When Russia invaded Ukraine two years ago, that war began to dominate the news cycle, displacing coverage of Myanmar, Sudan and Syria. But, as the months wore on, the Ukraine war, too, slipped from our screens. Now the war in Gaza has captured global attention, but for how long?
“You know, if you’ve covered conflict before, that the world’s focus is fickle. And there will be a point where the cameras shift. … As a journalist who becomes obviously invested and cares and talks to people and makes friendships with people when you’re on a front line, you almost feel like it is a betrayal.”
Why is it that while the human suffering never gets less tragic, we seem to have only a finite amount of empathy for the victims of conflict? And what is the effect on our creeping ambivalence?
For Bel Trew, chief international correspondent at The Independent, this decline in interest has become something she learns to anticipate at the start of every war she covers. “You know, if you’ve covered conflict before, that the world’s focus is fickle,” she tells New Lines’ Faisal Al Yafai. Whether in Gaza, Ukraine, Myanmar or Syria, “There will be a point where those cameras shift, the spotlight shifts. … As a journalist who becomes obviously invested and cares and talks to people, and makes friendships with people when you’re on a front line, you almost feel like it is a betrayal.”

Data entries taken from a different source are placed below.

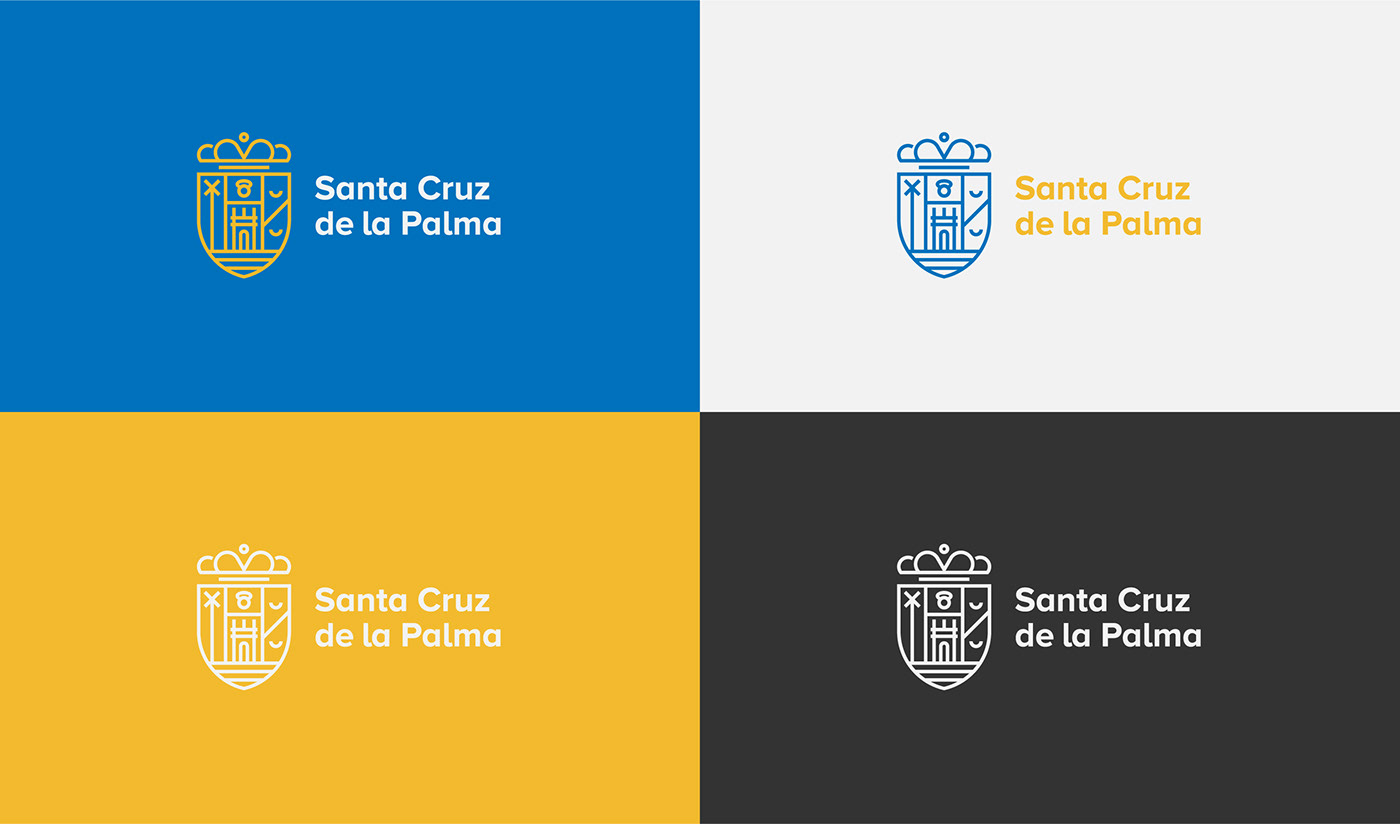 ayuntamiento brand branding  city Gobierno Government institucion Island logo redesign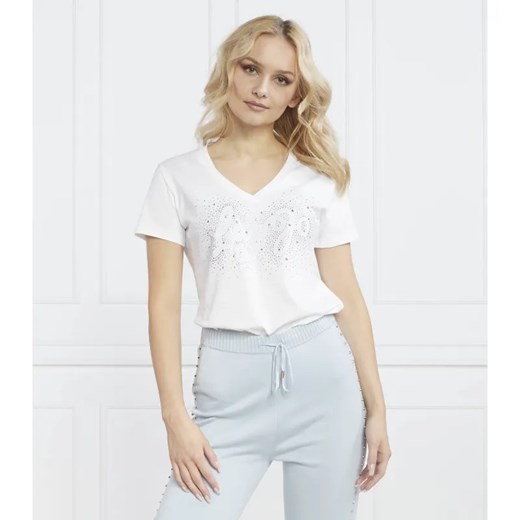 Liu Jo T-shirt | Regular Fit ze sklepu Gomez Fashion Store w kategorii Bluzki damskie - zdjęcie 184354338
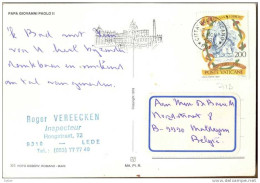 _Cc074: Y.&T.N° 712 / Postkaart >  Maldegem : Belgie - Lettres & Documents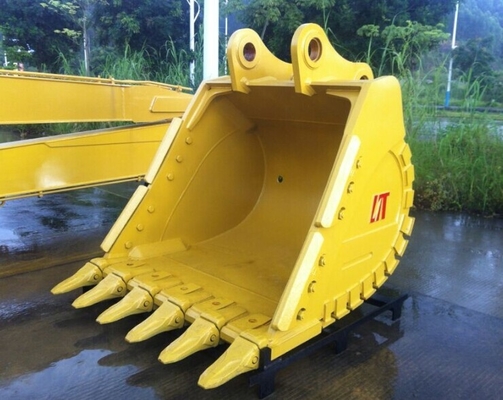 Excavador Balde 50T PC500MC Excavador HD Balde personalizado 2.4CBM Balde de mineração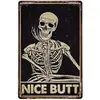 Mantente Positivo con Pinturas de Placa de Aluminio y Lata Vintage Transfronterizas para Bares, Garajes, Restaurantes, Clubes, Jardines y Decoración Industrial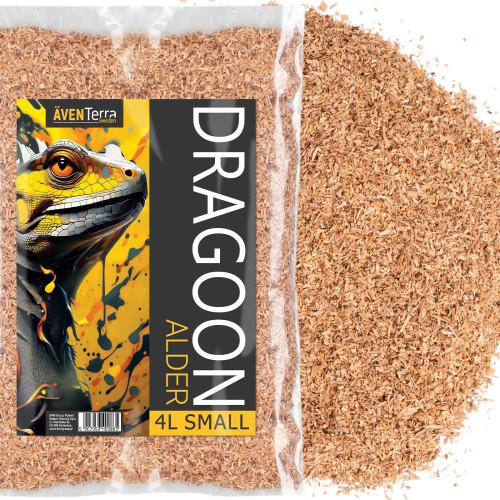 Podłoże do terrarium Aventerra DRAGOON Alder Small 4 l - drobne zrębki olchowe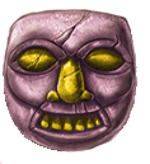 gonzo's quest purple mask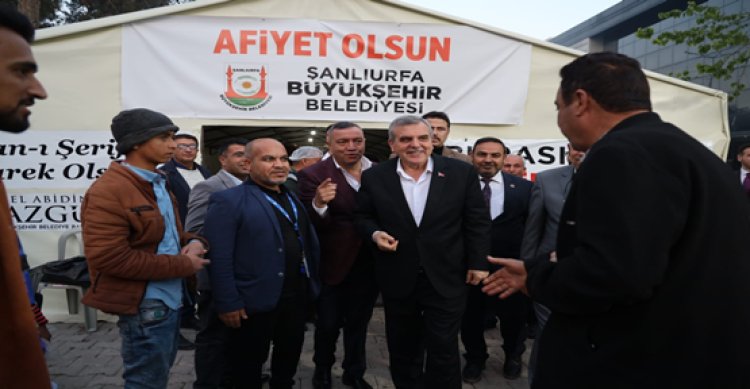 Başkan Beyazgül, ‘’Akçakale’den Büyük Zafer Bekliyoruz’’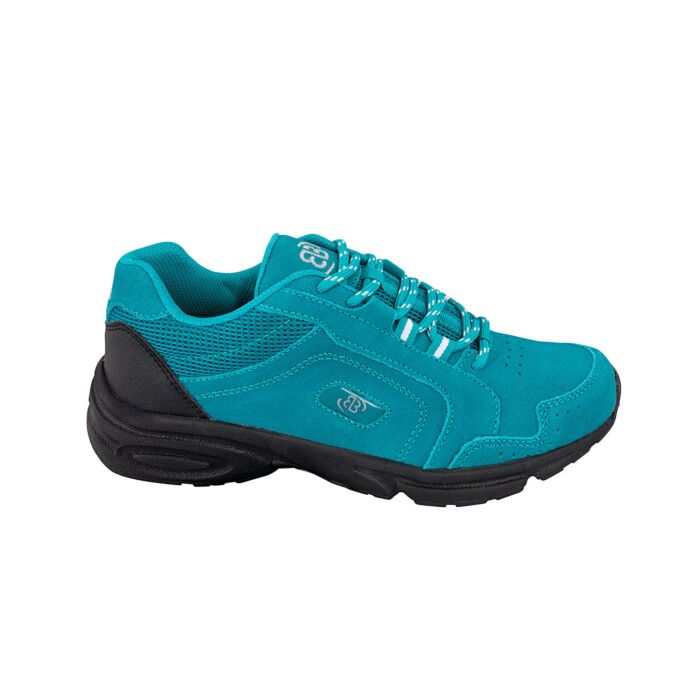 BRÜTTING Chaussures de marche nordique, cuir velours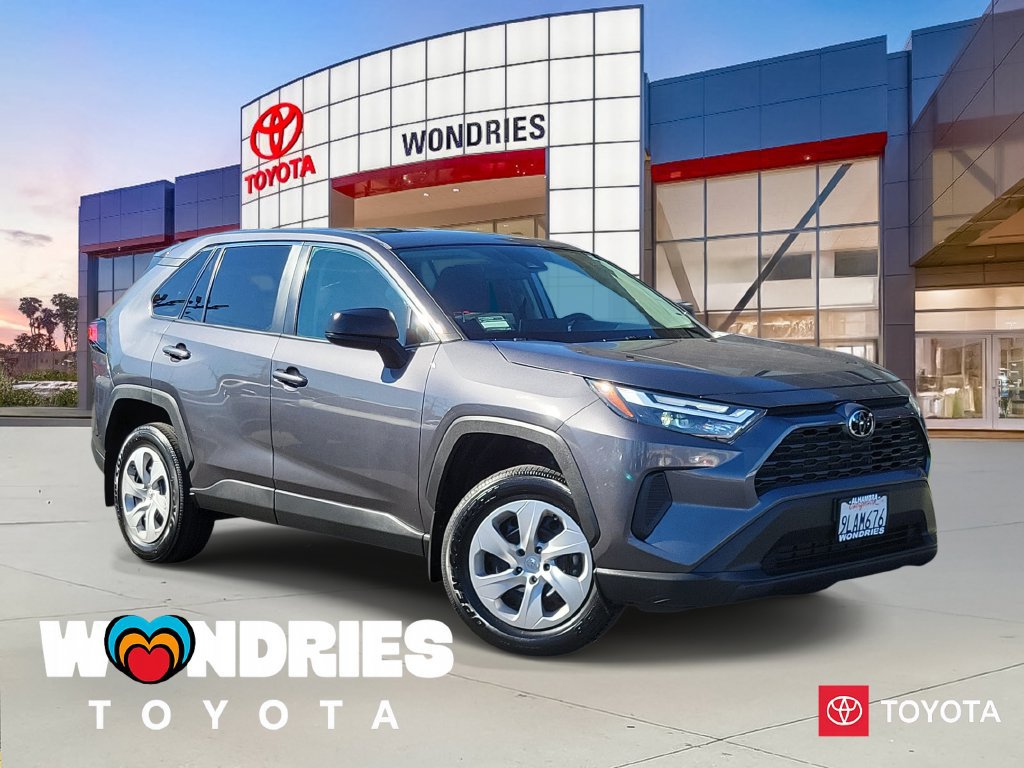 Used 2024 Toyota RAV4 LE FWD 360° Tour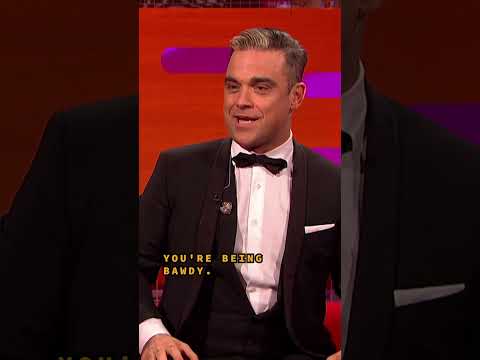 #RobbieWilliams annoyed the whole of Germany 🇩🇪 #TheGrahamNortonShow #GrahamNorton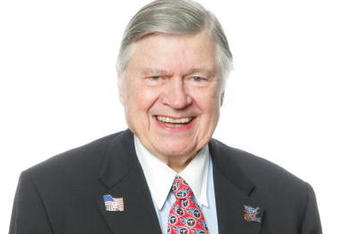 NASHVILLE, TN - 2009:  K.S. 'Bud' Adams, Jr. of the Tennessee Titans poses for his 2009 NFL headshot at photo day in Nashville, Tennessee.  (Photo by NFL Photos)  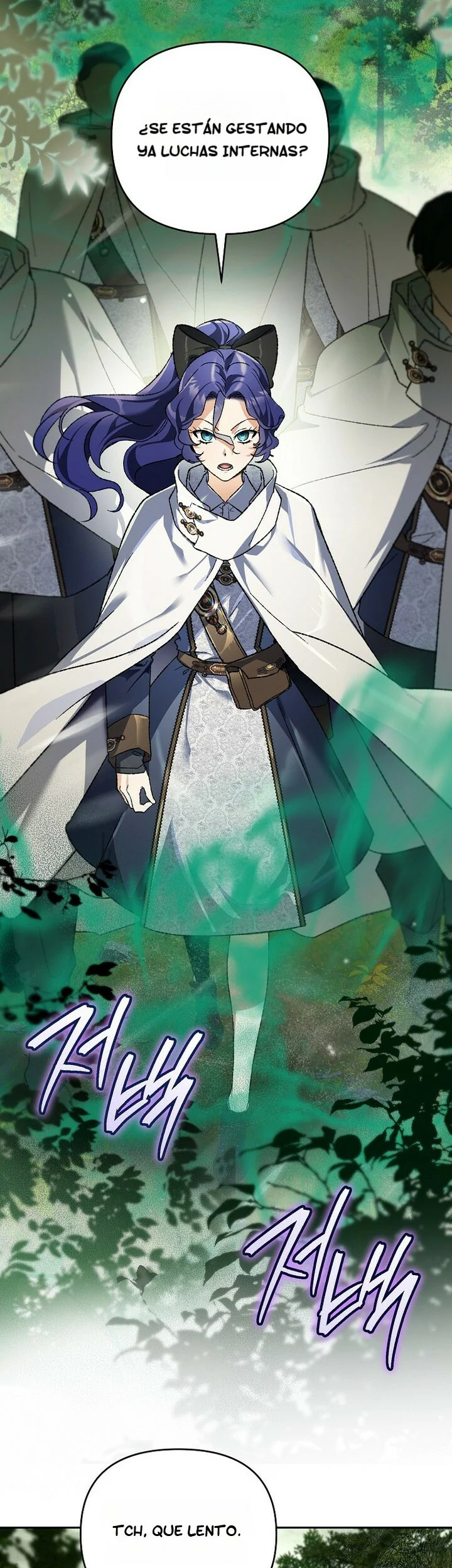 Me convertí en el genio bastardo de un noble clan oscuro capítulo 37 página 10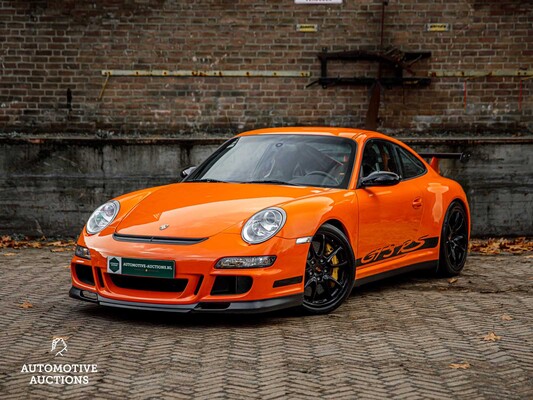 Porsche 911 GT3 RS 997 3.6 415pk -Handgeschakeld- 2008 Sport-Chrono, 64-ZJ-BH -Youngtimer-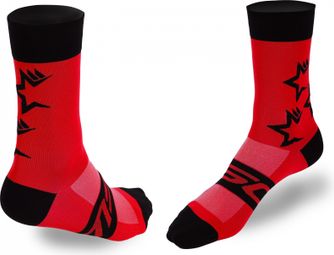 MSC FiveStars Socks Red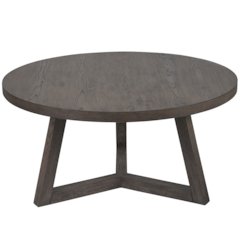 Muse Bunching Table Large In Washed Charcoal Color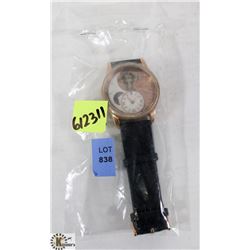 NEW YVES CAMANI AUTOMATIC ROSE GOLD TONE WATCH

For Trew, the importance of continuing to cover these conflicts lies in showing the full effect of war, despite knowing her audience might be mostly interested in how the conflict might affect them. “The most important thing that we can do is show people just how devastating war is, so that it’s not just turned into what’s essentially a game of armies and the playground of the battlefield. But people want to know how this is going to impact them.”
Nabih Bulos, Middle East bureau chief for the Los Angeles Times, wants his audience to understand that they often have a degree of complicity in a faraway conflict and what that actually means. “I want people to really understand what it means when a politician or a soldier says the phrase surgical strike. I want them to understand what it means when they’re going into a country or establishing a no-fly zone,” he says.
The veteran correspondents note that some conflicts are easier to report on than others, and many change as the conflict progresses. Bulos remembers the battle against the Islamic State group as offering a great deal of freedom for reporters, who could embed with different units in the Iraqi army freely.
But, as Trew notes, that’s not always the case.
“Another issue with forever wars is that access becomes quite difficult,” she says. “You end up telling the same story again and again.”
Furthermore, she notes that as conflicts progress and subsequent events can incur ever higher casualty figures, statistics can become meaningless. “We had the clearing of Rabaa,” she says, remembering the 2013 massacre of protesters by Egyptian police, in which more than 1,000 were estimated killed. “A few weeks later, there were 66 people killed in a protest, which would normally be a very high number of unarmed protesters to be killed,” Trew recalls. “Because we’d already had 1,000 [casualties], people got desensitized.”
As numbers start to lose their meaning, you have to focus on human stories, Bulos suggests. “The enormity of those figures means nothing to people, and the only way to bring it home to people is to focus on the smaller stories,” he says.